Where are the crowds at academic games?

March 09, 1996|By GREGORY KANE

Goodwin Chen's team clung to a slim four-point lead as the game clock ticked down below 20 seconds. With the poise of a Michael Jordan, he nailed one two-pointer and then another to clinch a 46-38 victory for his team.

Basketball? Hardly. It was something much more fulfilling than basketball and more exciting than the annual turkey called the Super Bowl. It was a semi-final game of Baltimore's National Academic League competition. Chen, a 13-year-old 8th eighth-grader and the captain of Roland Park Middle School's team, correctly answered "mammals" when asked what is the only class of animals to have an outer ear. The game clock showed 13 seconds left.

With time running out, game official Bonnie Legro asked "In The Adventures of Tom Sawyer, quote the words Tom wrote for Becky on his blackboard slate at school." Chen hit the buzzer and correctly answered "I love you," sealing the championship for his team, which dethroned last year's winner Hamilton Middle School.

Baltimore's NAL consists of 16 middle school teams. They all gathered on Wednesday at the city schools' Professional Development Center for the playoffs. The league was formed in Salt Lake City five years ago. Sidney Twiggs, Hamilton's coach, said his team beat Oklahoma City in the playoffs and placed fifth in the country last year.

"We played them (Oklahoma City) by satellite, just before the bombing," said LaTonya Diggs, a 13-year-old Hamilton 8th eighth-grader who was kind enough to explain the details of the competition and NAL history to a 40-something, nearly senile columnist. NAL games are divided into four quarters. The first, second and fourth quarters are question-and-answer sessions either eight, 10 or 12 minutes long. Teams score either one or two points for a correct answer in the first and fourth quarters. Correct answers in the second quarter require more thought and are worth three points.

For the third quarter, each team has to answer a real-life problem posed by officials. As many as 10 students form each third-quarter team. Diggs said judges award teams zero to 25 points for their presentations, which must fall within a three to five minute range.

"If you're over five minutes or under three, judges deduct three points," Diggs, a member of Hamilton's third quarter team, explained. She and her teammates scored 20 points in their first game -- a 48-43 squeaker over Francis Scott Key -- for their anti-smoking presentation. But Diggs said that was easy. They had learned of possible topics two weeks ago and had been advised to do research. The Hamilton and Roland Park third quarter teams had no idea what the topic was for their match.

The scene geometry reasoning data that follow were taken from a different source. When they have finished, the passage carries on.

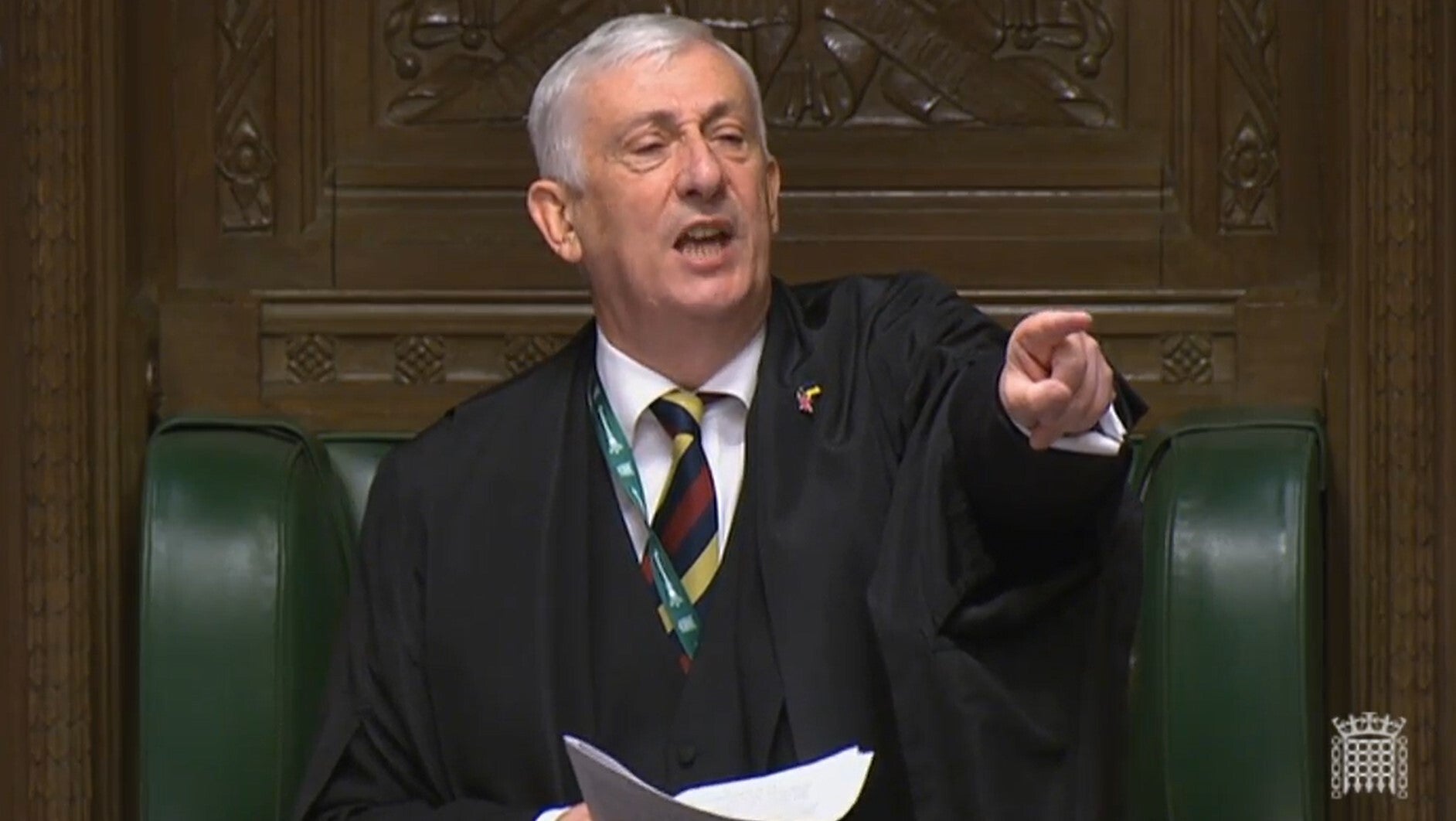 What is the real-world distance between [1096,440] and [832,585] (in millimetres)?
447

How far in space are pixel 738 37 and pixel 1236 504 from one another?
3.20 feet

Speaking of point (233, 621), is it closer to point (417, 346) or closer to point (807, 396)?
point (417, 346)

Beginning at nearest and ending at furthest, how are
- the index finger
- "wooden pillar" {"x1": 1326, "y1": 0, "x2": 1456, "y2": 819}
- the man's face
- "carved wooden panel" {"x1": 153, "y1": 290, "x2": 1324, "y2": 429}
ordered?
1. the index finger
2. the man's face
3. "wooden pillar" {"x1": 1326, "y1": 0, "x2": 1456, "y2": 819}
4. "carved wooden panel" {"x1": 153, "y1": 290, "x2": 1324, "y2": 429}

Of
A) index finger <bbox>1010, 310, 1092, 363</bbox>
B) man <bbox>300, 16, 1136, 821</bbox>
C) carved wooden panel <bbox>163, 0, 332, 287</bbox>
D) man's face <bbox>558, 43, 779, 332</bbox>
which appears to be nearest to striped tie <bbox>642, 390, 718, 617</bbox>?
man <bbox>300, 16, 1136, 821</bbox>

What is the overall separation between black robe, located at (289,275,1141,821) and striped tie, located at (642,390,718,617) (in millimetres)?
61

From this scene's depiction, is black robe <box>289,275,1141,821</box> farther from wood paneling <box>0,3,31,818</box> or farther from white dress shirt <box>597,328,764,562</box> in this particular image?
wood paneling <box>0,3,31,818</box>

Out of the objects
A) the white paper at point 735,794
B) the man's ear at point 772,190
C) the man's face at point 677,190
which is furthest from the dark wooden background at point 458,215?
the white paper at point 735,794

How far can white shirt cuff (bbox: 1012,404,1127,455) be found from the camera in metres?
2.89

"We didn't prepare for this one," Diggs confessed, a twinge of worry in her voice. "It'll be interesting to see how it turns out." The problem was developing a campaign to recruit 30 new members for their schools' NAL teams. Hamilton edged Roland Park 20-19 for the quarter.

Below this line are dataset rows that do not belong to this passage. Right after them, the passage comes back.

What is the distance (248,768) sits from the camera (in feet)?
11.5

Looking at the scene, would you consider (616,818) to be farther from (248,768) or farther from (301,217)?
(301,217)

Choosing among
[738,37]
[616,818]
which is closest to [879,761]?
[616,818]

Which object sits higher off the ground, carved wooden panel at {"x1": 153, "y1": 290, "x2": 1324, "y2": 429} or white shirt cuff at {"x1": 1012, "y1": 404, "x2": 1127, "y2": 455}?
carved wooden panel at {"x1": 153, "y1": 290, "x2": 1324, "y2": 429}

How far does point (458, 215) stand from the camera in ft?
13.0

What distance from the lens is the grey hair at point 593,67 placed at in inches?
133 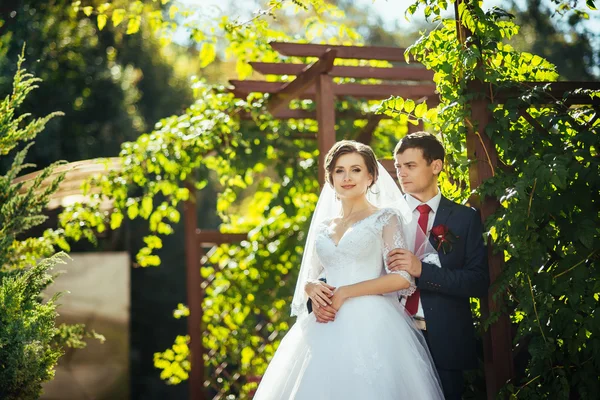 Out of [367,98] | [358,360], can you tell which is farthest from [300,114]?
[358,360]

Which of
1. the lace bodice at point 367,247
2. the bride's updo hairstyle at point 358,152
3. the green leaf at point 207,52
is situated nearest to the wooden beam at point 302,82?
the green leaf at point 207,52

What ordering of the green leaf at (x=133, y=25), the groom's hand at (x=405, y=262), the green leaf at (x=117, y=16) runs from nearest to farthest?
the groom's hand at (x=405, y=262)
the green leaf at (x=117, y=16)
the green leaf at (x=133, y=25)

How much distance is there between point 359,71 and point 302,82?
0.50 m

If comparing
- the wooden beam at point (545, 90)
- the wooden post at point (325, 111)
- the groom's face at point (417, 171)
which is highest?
the wooden post at point (325, 111)

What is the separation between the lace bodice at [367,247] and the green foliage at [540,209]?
39 centimetres

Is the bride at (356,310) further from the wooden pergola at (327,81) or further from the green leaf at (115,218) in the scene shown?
the green leaf at (115,218)

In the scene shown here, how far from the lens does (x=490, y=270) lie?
3158 millimetres

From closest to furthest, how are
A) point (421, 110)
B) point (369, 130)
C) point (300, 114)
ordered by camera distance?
point (421, 110) → point (300, 114) → point (369, 130)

Goodwin Chen wasn't the only exceptional player. Diggs' teammate, 11-year-old Bryan Cothorn, won game MVP honors for Hamilton's victory over Francis Scott Key. Cothorn wasn't sure how many questions he correctly answered in the Hamilton-Key match, but estimates it was "maybe five or 10." The guy sounds like the Scottie Pippen of the NAL to me, and this Chen boy might be the Michael Jordan.

But let's keep our priorities straight here. Michael Jordan is the Goodwin Chen of the NBA. Scottie Pippen is the Bryan Cothorn of the NBA. For too long both professional and amateur athletes -- even the ones who are overpaid egotists -- have received society's adoration. High school athletes are covered regularly in this newspaper. Their pictures are displayed and their exploits on the football field or basketball court written about extensively.

I've received more than one letter or comment suggesting that we pay equal attention to students who may not be athletically gifted but who are superb academically. Such a long-overdue idea is the basis for the NAL. It is a place where a Bryan Cothorn -- a bright, African-American boy who watches television shows like "Square One" and belongs to the Gardenville Recreation Center's geography club -- can find a niche and not be sucked into the "learning is for nerds" syndrome that afflicts too many boys his age. It's time we give the Bryan Cothorns, the Goodwin Chens and the LaTonya Diggs of city schools their proper place in the sun.

At high noon this Tuesday Philadelphia's NAL champ rides into town to take on Roland Park at the Professional Development Center. Baltimoreans worth their salt should take a lunch break, fill the auditorium and root for Roland Park much the same way we did when Dunbar's basketball team ran DeMatha High School out of the Civic Center back in 1973.

Gregory P. Kane's column appears on Wednesdays and Saturdays.